We were three games away from the end of the championship. We were third in the standings and I was leading the scoring charts.

We were playing against Dnepr and I had already scored two goals.

With only a few minutes to go an opportunity presented itself for me to score the third.

On the ball me and Sergey Sobetsky, the goalkeeper of the Ukrainian team, arrived together.

Only I put my leg on it.

He his whole body.

Ruptured cruciate ligament.

The worst that can happen to a footballer.

“Right now dammit !”

I told myself every day.

Now that everything finally seemed to be going right.

Now that I was back in the national team, that I had started scoring lots of goals again.

The doctors said I would never play again.

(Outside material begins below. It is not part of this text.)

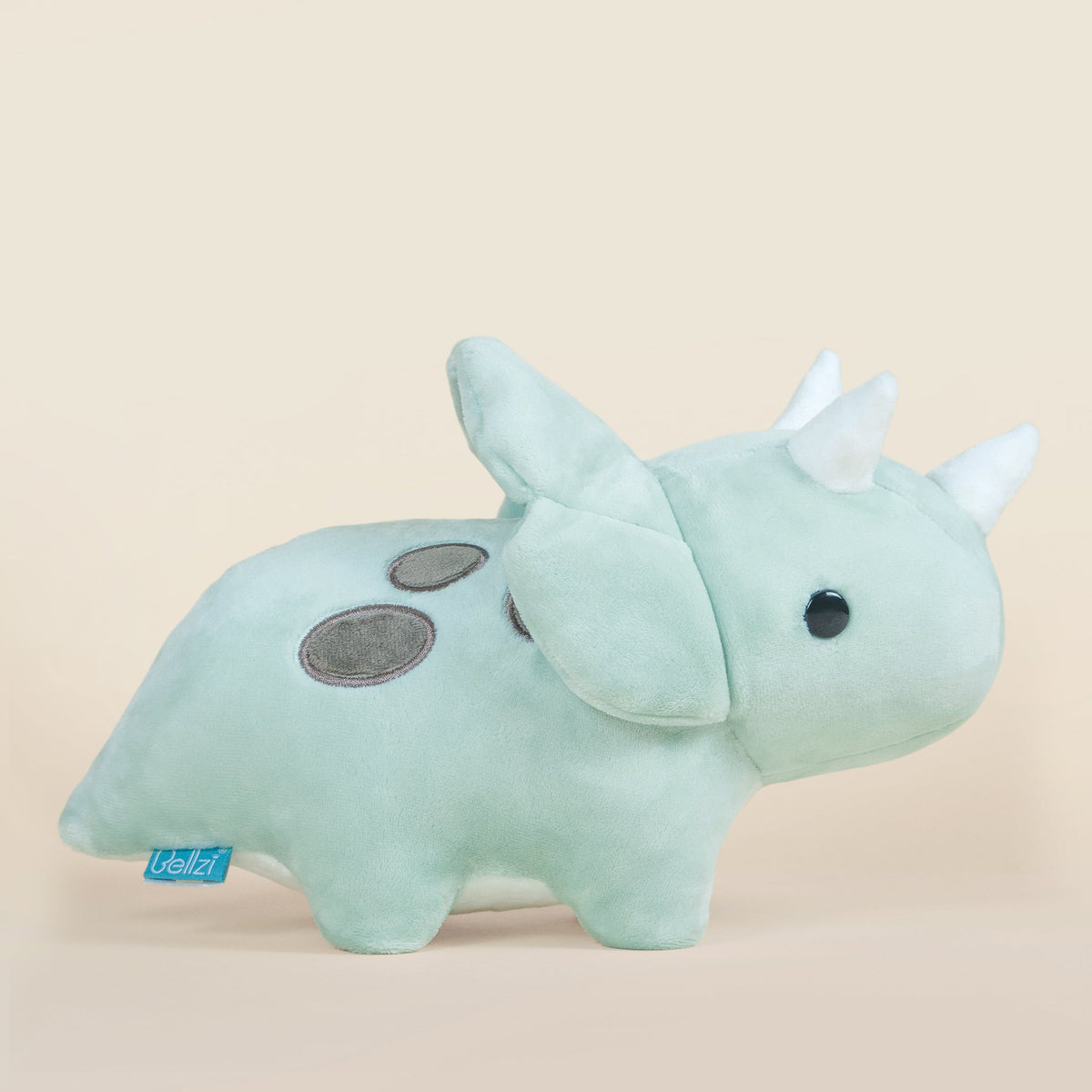 Seri the Triceratops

Some even said I would be lame for the rest of my life.

Instead, less than 10 months later I was still on the field.

That was in August of this year.

I was welcomed as a hero, as a war veteran who had been given up for dead.

No one believed that I could come back and especially so quickly.

I played one of the best games of my life.

I seemed to have stopped playing the week before, not in October of the year before.

I was happy.

“Time is on my side” sang my beloved Rolling Stones.

And I am absolutely convinced of that now.»

After that wonderful game against Zaria Voroshilovgrad on his return from long injury for Anatoli Kozhemyakin come a series of less happy games.

His knee still gives him some trouble, and at that point Dynamo coach Gabriel Kachalin decides not to call him up for the next day’s game against Torpedo.

“Anatoli, take the weekend to recover. See you at practice on Monday,” are the words of his coach.

A Saturday night off after a long time.

“Mashina Vremeni” (Time Machine), the country’s most popular rock band and Anatoli’s beloved, is playing in Moscow.

He joins a couple of friends and decides to go to the concert.

When he returns home in the early hours of the morning, his wife is in a rage.

This is not the behavior she expects from a husband and the father of a daughter only a few months old.

She refuses to let him in.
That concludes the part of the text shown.